[BRIEF] Extract every record, exactly as written, and ignore the pictures.

[STUDY MATERIAL]
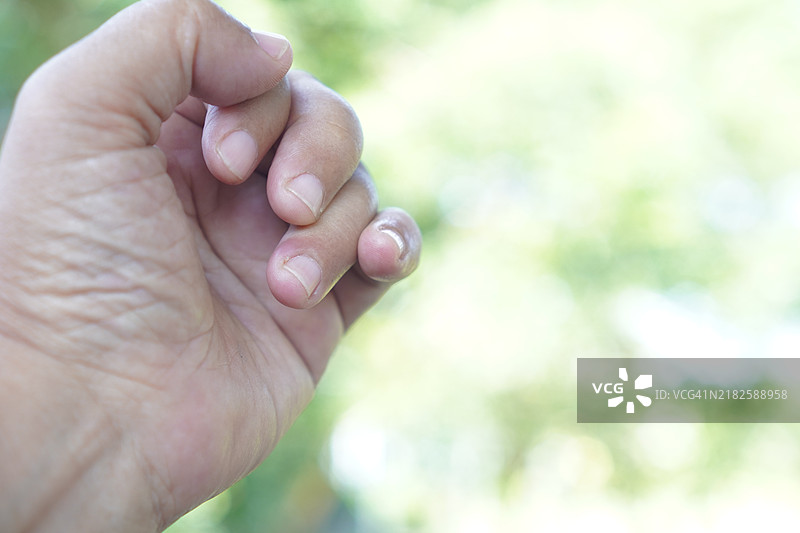 嵌甲症图片素材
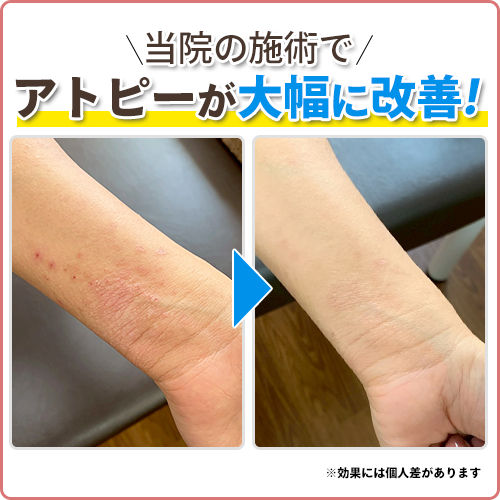 ビフォーアフター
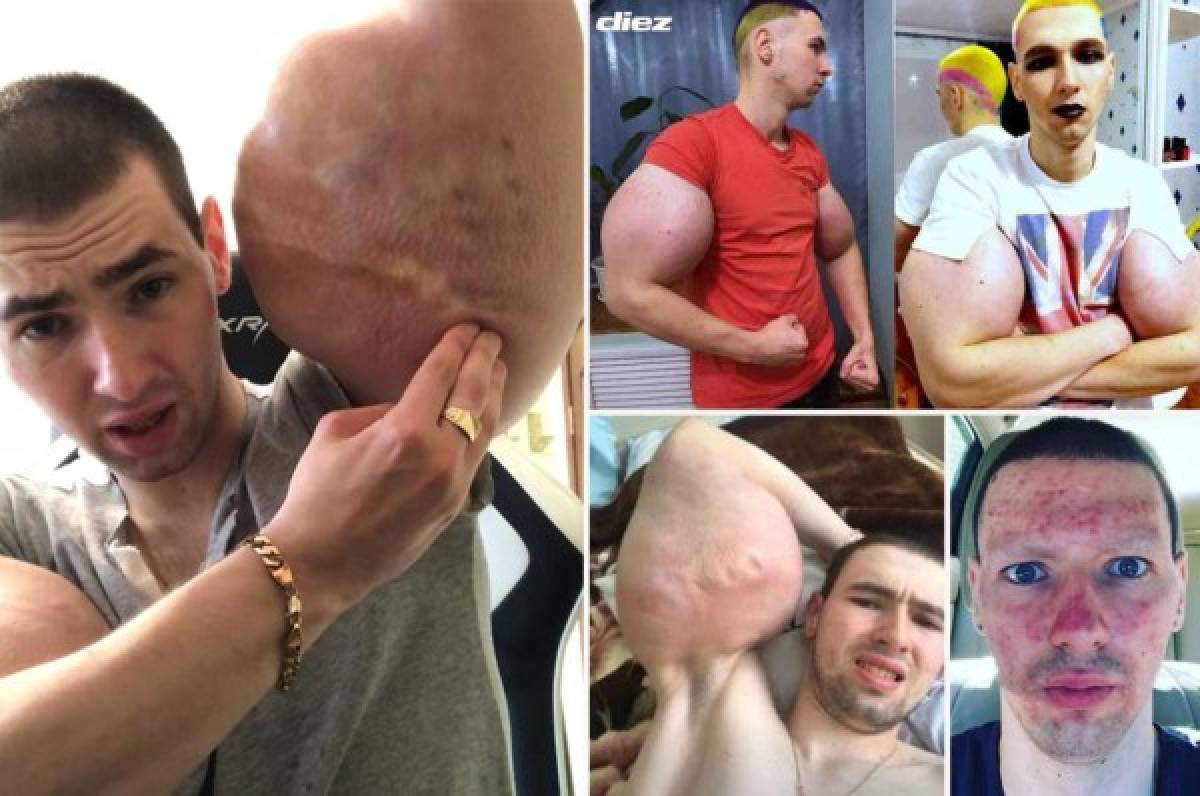 La terrible pesadilla que vivió el 'Popeye' ruso: ''Estaba tirado sintiendo que me moría''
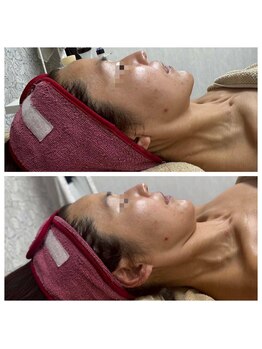 シェイプ 浜松本店/たるみケアー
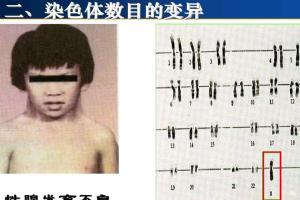 嵌合型特纳综合征能做试管婴儿吗？听听生殖专家怎么说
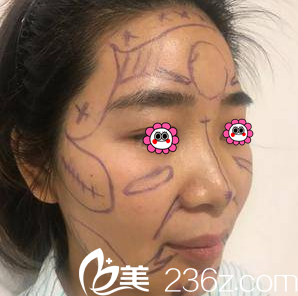 亞韓醫(yī)生給我進(jìn)行V塑加面部脂肪填充設(shè)計(jì)照 亞韓醫(yī)生給我進(jìn)行V塑加面部脂肪填充設(shè)計(jì)照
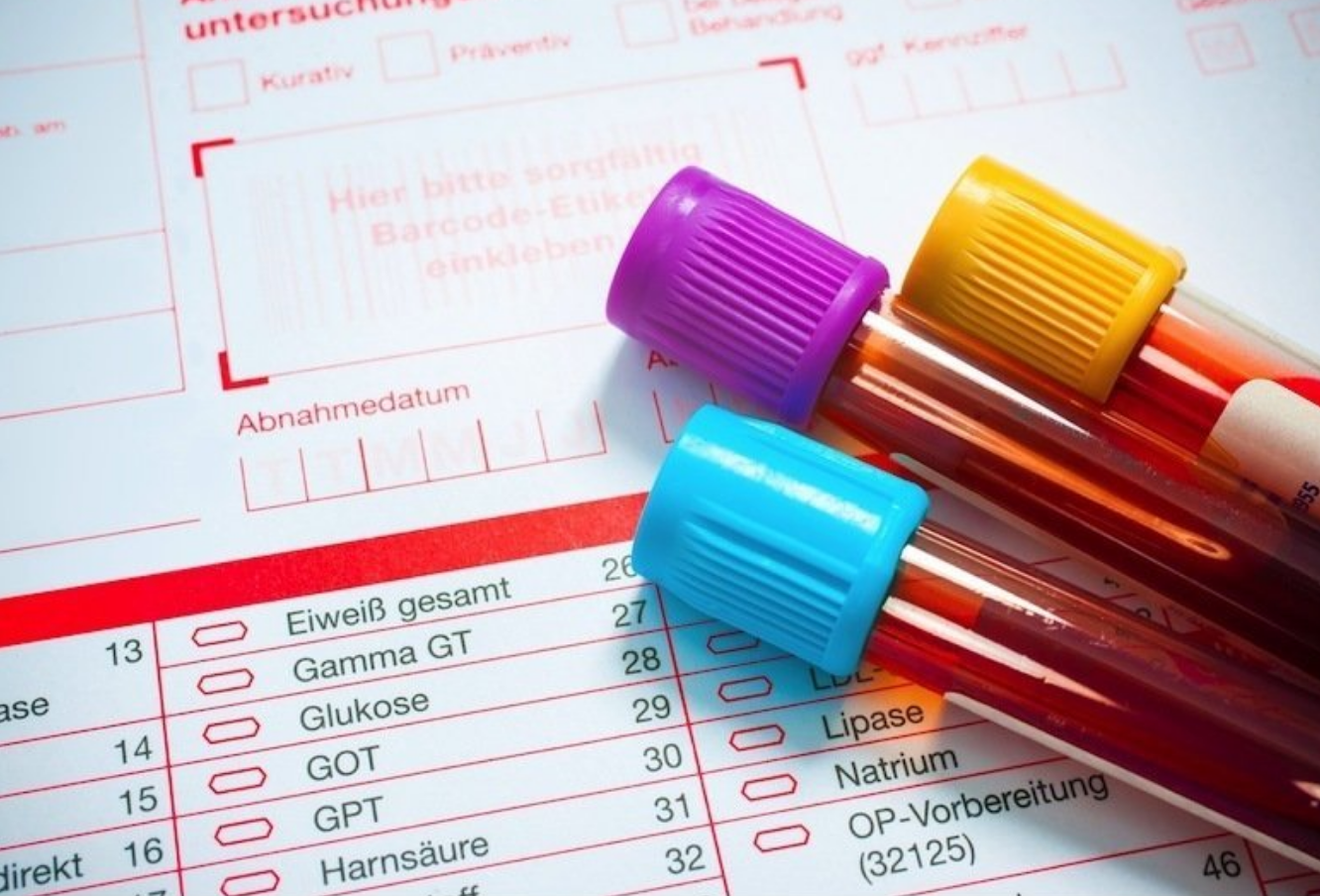 analisi-di-laboratorio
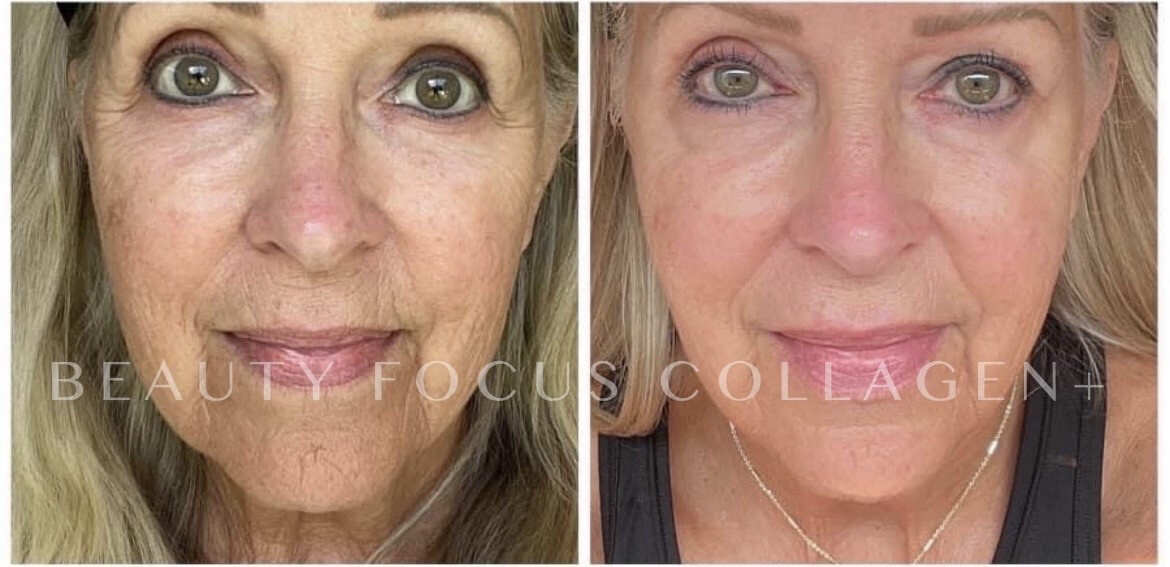 Liquid Collagen (Box Of 30 Packets)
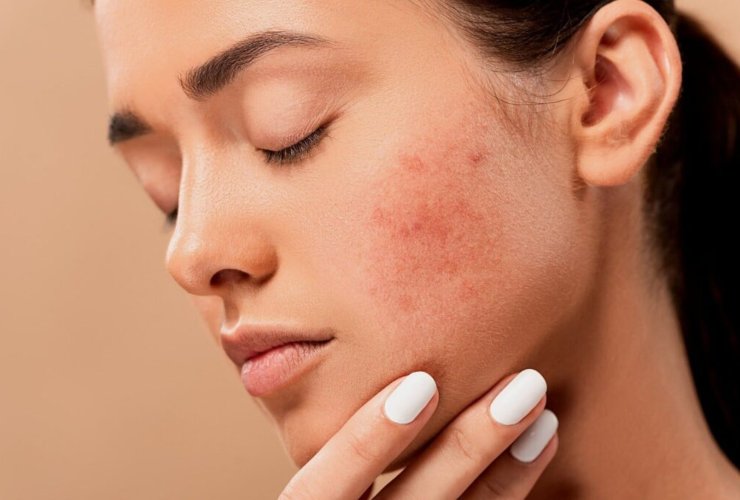 acne-eczema e psoriasi vengono curarle con l'alimentazione-Meteoweek.com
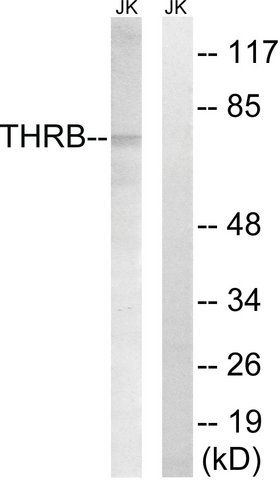 Anti-THRB (AP2, Cleaved-Arg<sup>327</sup>) antibody produced in rabbit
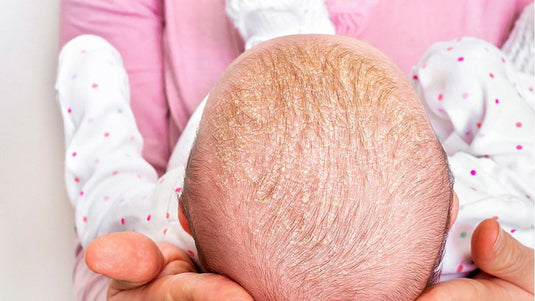 costra-lactea-cabeza-cuerpo-bebes-sintomas-causas-tratamiento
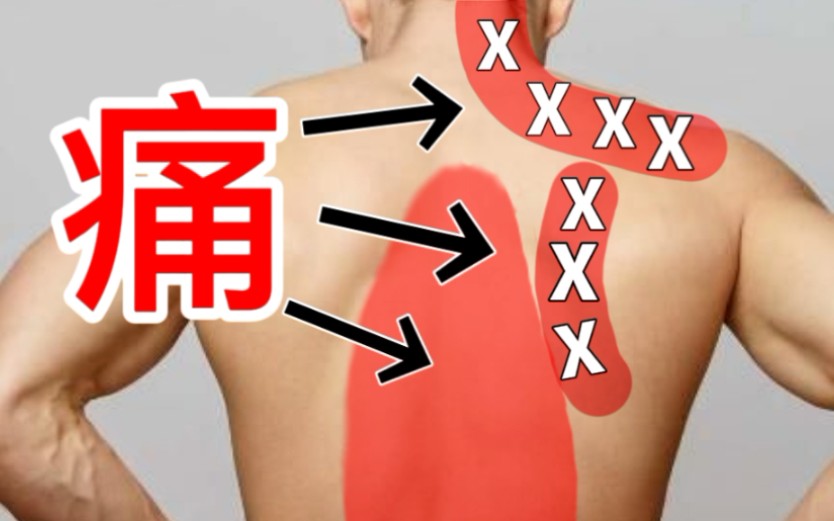 右肩后背疼痛是什么原因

[RESULT FOR THIS TASK]
 嵌甲症图片素材
 ビフォーアフター
 La terrible pesadilla que vivió el 'Popeye' ruso: ''Estaba tirado sintiendo que me moría''
 シェイプ 浜松本店/たるみケアー
 嵌合型特纳综合征能做试管婴儿吗？听听生殖专家怎么说
 亞韓醫(yī)生給我進(jìn)行V塑加面部脂肪填充設(shè)計(jì)照 亞韓醫(yī)生給我進(jìn)行V塑加面部脂肪填充設(shè)計(jì)照
 analisi-di-laboratorio
 Liquid Collagen (Box Of 30 Packets)
 acne-eczema e psoriasi vengono curarle con l'alimentazione-Meteoweek.com
 Anti-THRB (AP2, Cleaved-Arg<sup>327</sup>) antibody produced in rabbit
 costra-lactea-cabeza-cuerpo-bebes-sintomas-causas-tratamiento
 右肩后背疼痛是什么原因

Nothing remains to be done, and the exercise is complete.